_Data extracts_
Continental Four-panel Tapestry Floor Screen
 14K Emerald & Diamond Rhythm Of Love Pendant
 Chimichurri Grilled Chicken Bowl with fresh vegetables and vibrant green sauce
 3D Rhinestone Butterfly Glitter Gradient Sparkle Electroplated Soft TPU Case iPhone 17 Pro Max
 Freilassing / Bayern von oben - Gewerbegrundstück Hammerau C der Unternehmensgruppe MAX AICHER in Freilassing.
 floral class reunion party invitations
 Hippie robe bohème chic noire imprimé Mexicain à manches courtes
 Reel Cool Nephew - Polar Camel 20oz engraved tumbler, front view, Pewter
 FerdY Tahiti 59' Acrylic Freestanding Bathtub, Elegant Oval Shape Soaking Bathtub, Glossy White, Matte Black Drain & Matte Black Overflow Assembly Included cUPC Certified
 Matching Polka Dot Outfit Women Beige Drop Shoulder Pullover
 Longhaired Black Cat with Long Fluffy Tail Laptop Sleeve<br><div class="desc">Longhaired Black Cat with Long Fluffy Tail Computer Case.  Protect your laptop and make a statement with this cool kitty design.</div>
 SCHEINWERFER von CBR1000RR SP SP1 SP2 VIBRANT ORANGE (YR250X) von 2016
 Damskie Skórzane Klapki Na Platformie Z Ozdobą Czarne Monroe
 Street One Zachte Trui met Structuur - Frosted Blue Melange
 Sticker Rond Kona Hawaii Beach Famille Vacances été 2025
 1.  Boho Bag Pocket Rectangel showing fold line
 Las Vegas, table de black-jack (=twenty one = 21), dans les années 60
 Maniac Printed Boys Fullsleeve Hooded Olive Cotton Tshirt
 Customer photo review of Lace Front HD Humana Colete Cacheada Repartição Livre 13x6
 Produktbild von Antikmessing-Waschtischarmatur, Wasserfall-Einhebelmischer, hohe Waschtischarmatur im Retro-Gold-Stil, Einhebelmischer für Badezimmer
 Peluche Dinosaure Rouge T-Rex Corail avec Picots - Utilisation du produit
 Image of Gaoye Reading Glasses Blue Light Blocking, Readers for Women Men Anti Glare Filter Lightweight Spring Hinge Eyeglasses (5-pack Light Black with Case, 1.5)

_Exercise brief_
Using the data above, reproduce exactly the lines from the line that contains "Chimichurri Grilled Chicken" through the line that contains "floral class reunion party invitations", including both.

_Reply to the exercise_
 Chimichurri Grilled Chicken Bowl with fresh vegetables and vibrant green sauce
 3D Rhinestone Butterfly Glitter Gradient Sparkle Electroplated Soft TPU Case iPhone 17 Pro Max
 Freilassing / Bayern von oben - Gewerbegrundstück Hammerau C der Unternehmensgruppe MAX AICHER in Freilassing.
 floral class reunion party invitations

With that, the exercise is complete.